Single by Edwin Starr

from the album H.A.P.P.Y. Radio
- B-side: "My Friend"
- Released: 1979
- Recorded: 1978
- Genre: Disco, soul
- Length: 3:28
- Label: 20th Century
- Songwriter: Edwin Starr
- Producer: Edwin Starr

Edwin Starr singles chronology
| "Contact" (1978) | "H.A.P.P.Y. Radio" (1979) | "It's Called The Rock" (1979) |

= H.A.P.P.Y. Radio (song) =

"H.A.P.P.Y. Radio" is a 1979 disco song recorded by soul singer Edwin Starr.

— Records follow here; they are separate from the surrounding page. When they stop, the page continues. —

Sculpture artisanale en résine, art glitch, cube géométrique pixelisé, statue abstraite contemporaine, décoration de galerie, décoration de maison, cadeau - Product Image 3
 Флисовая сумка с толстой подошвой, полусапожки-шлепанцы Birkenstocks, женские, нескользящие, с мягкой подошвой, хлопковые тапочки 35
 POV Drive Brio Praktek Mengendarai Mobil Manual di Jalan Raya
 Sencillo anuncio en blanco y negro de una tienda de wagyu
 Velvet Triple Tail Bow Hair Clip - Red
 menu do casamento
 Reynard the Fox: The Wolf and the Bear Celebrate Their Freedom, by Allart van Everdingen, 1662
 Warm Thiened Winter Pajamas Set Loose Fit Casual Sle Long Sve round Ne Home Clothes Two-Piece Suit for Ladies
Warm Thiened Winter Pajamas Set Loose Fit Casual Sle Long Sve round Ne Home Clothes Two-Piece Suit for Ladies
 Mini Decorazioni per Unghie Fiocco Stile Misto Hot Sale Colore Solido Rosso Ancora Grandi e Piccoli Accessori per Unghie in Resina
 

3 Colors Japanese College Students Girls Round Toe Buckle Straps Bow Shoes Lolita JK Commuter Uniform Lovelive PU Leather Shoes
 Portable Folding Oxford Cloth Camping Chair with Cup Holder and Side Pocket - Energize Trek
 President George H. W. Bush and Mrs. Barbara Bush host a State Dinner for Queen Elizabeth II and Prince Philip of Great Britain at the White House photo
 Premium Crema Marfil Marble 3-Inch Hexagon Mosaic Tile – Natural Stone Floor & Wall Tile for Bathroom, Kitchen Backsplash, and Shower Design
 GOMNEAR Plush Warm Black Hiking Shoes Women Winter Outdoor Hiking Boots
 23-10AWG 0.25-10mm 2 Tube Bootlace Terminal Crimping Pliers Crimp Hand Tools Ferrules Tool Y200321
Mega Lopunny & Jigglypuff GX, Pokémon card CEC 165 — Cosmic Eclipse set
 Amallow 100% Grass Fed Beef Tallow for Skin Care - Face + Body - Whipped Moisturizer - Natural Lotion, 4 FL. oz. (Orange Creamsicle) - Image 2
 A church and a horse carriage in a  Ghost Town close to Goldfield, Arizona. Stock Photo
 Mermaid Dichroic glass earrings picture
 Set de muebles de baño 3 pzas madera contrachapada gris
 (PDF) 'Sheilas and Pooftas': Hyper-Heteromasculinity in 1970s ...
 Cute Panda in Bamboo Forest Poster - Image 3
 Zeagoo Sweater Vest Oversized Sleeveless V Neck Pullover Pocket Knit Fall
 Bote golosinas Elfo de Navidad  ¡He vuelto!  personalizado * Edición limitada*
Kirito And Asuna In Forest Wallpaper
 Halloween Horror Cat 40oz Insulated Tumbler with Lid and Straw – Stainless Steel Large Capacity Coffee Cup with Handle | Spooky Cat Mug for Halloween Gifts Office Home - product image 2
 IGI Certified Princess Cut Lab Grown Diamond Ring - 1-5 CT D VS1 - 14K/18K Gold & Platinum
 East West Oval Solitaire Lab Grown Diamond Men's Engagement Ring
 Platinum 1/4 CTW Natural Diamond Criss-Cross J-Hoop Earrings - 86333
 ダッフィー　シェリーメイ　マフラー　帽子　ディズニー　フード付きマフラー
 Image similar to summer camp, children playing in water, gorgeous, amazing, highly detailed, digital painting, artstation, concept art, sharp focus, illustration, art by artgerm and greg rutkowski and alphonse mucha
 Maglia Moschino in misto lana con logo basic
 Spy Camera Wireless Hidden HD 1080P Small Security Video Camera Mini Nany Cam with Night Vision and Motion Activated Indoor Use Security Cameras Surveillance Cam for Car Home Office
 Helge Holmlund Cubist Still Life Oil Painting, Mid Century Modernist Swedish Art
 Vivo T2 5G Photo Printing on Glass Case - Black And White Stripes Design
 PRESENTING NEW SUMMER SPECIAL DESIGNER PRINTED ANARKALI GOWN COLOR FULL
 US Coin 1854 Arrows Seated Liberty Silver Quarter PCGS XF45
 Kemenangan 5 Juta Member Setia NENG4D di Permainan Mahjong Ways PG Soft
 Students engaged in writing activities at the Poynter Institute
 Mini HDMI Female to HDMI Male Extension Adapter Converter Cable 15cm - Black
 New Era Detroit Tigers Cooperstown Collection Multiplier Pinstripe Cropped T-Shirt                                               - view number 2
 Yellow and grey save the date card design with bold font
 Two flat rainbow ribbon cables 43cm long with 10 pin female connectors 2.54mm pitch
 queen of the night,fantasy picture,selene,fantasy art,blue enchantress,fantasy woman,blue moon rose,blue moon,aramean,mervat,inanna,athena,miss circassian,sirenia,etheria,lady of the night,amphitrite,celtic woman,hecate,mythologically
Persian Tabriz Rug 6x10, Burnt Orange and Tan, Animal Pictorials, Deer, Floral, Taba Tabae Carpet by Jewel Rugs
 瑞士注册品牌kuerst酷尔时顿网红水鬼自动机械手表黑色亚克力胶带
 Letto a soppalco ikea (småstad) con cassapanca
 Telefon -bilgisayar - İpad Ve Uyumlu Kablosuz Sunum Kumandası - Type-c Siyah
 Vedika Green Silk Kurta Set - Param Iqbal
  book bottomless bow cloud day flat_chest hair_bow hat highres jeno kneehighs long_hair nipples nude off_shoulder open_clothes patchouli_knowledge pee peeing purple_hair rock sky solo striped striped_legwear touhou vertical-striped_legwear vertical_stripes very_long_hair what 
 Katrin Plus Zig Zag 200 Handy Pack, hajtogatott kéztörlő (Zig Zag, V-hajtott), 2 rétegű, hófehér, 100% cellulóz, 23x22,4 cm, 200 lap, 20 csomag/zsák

Starr's previous release, "Contact", had proved to be his best showing on the Billboard Hot 100 (and R&B Chart) in several years. It was also a hit in Britain, making it to number six on the UK Singles Chart. This song was issued as its follow-up, and although less successful, still made all three charts. "H.A.P.P.Y. Radio" peaked at number 79 on the Hot 100 and number 28 on the R&B Chart, but was a much bigger hit in the UK, where it was reached number nine in mid-1979. The song was both written and produced by Edwin Starr.

==Reception==
Smash Hits said, "Edwin knows what his British fans want to hear better than most other Americans and it sounds as if he's got the formula right again with this boisterous chuck of disco-mix, which is like a cross between "Contact" and one of his earliest hits "Headline News"."

==Charts==

| Chart (1979) | Peak position |
|---|---|
| Australia (Kent Music Report) | 54 |
| Canada (RPM Disco 30) | 7 |
| Canada (RPM Top 100) | 20 |
| Sweden (Sverigetopplistan) | 19 |
| United Kingdom (Official Charts Company) | 9 |
| United States (Billboard Hot 100) | 79 |
| US Billboard Disco Top 80 | 7 |
| US Billboard Hot Soul Singles | 28 |

==Other versions==
- Starr later re-recorded the song as part of Ian Levine's Motorcity Records project, along with many of his previous Ric-Tic and Motown songs.
- In 1989, the British singer Michaela released a cover version of the song, which reached number 62 on the UK chart.